NuSpectra SiteCam [SiteCam] is a commercial software system to stream video simultaneously to multiple clients and remotely operate cameras. It uses several camera models with built-in pan/tilt/zoom (PTZ, see below). A nice interface enables the remote user to use the camera control. The server manages the operation rights if there are multiple clients connected. NuSpectra offers several server packages with different capabilities such as number of clients, camera control, or decoder support.

Cameras with Internet Interface are offered by several commercial companies. Many of them repackage systems from Axis, JVC, or Canon and offer services around them. Internet ready cameras are typically expensive. Axis produces cameras with Ethernet interfaces, which can be directly connected to the Internet. A simple Web interface allows for configuration of the camera [Axis].

Canon offers the VB101 control system which allows sharing of the Canon PTZ-cameras (e.g. VB-C10, VC-C4) [Canon]. The unit is basically a computer with Internet interface and protocols. It can be managed over the network. The VC-C4 camera (see Canon Website) has a serial interfaces to control the PTZ functions and standard video interfaces (composite, S-video). A video digitizer is needed to obtain digital video.

The JVC VN-C30U is a complete WebCam in a camera enclosure (see JVC Web page). It has a 10BaseT/100BaseTX interface and a built-in Webserver. The digital video performance is, however, mediocre compared to consumer DV cameras: MPEG-1 at 30 fps only with a resolution of 320x240 pixels. The higher resolution of 640*480 pixels produces 3 frames of M-JPEG per second.

More than 50 consumer WebCams are now available through mail order and retail stores. They are typically connected to the PC and WebCam software (often included with the hardware, freeware, shareware, WebVideo, SiteCam, etc.) through the parallel port (old and slow), USB, or Firewire). The decision which camera to use depends on the availability of drivers (limited for Linux and MacOS), the resolution, quality, price, and mechanical properties. The Philips ToUCam Pro for example can be mounted to oculars of telescopes and microscopes with relative ease and offers a resolution of 1280*960 pixels for still pictures.

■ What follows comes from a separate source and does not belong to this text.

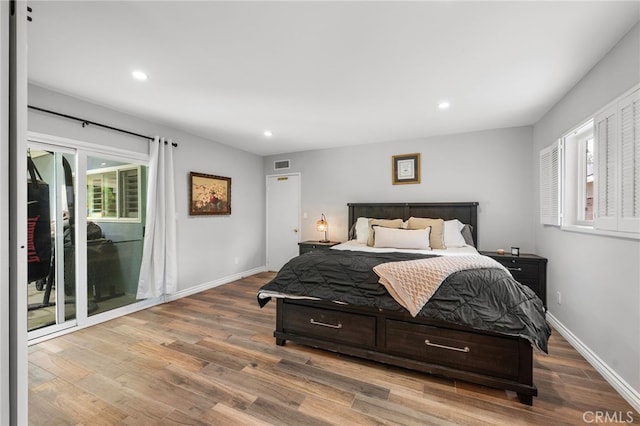 8204 Clemens Ave, West Hills, CA 91304 - bedroom with wood finished floors, recessed lighting, and access to exterior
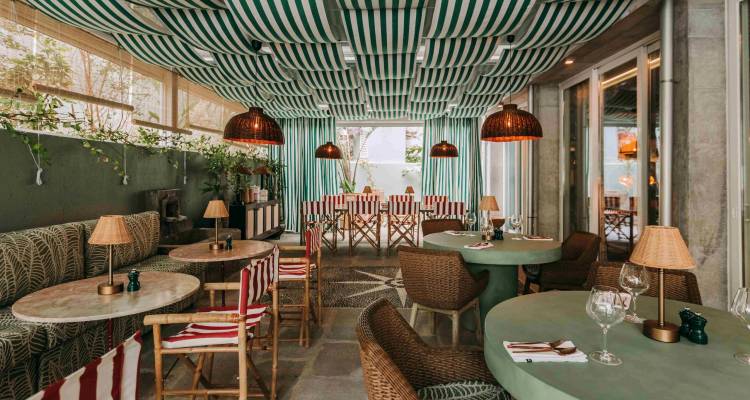 Intérieur de restaurant chic aux tons verts, plafond rayé et lampes en rotin.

Consumer DV cameras present the third option. Most models are now equipped with a FireWire interface (IEEE 1394, also referred to as I-Link and other proprietary names). FireWire is fast enough to transmit the DV-format (compressed at 28.77 Mbit/s). These cameras produce excellent quality video in the standard ITU-R 601 format (broadcast TV resolution). Detecting instruments and components

During the configuration of a distributed, remotely operated experiment, the components of the system have to be 'discovered' in terms of network address, supported protocols, protocol options, and other networking oriented parameters. Three major standards in this field are relevant enough to mention in this overview:

Zeroconf is an IETF (Internet Engineering Task Force) working group creating Internet standards for attaching computers and "smart" devices (in the view of the working group members mostly PDAs, mobile phones, digital cameras, MP3-players, etc.) to the Internet and with each other without the need for human interaction and network management. Although technically interesting, this Address Autoconfiguration, currently (in 2002) in the draft phase of IETF standardization, is beyond the scope of this report.

Very relevant however is another area of work in Zeroconf, Service Discovery, i.e. how devices dynamically detect services in any given area of the Internet. The service location protocol SLP [RFC2608] uses an administration area broadcast (typically a campus network), so that the Internet is not overloaded with the broadcast traffic. The broadcast contains a description of the requested service. Devices willing to act as such a server will then respond to the source of the broadcast. The second relevant IETF mechanism for resource discovery is the SRV resource record [RFC2782] in the database of a domain name server.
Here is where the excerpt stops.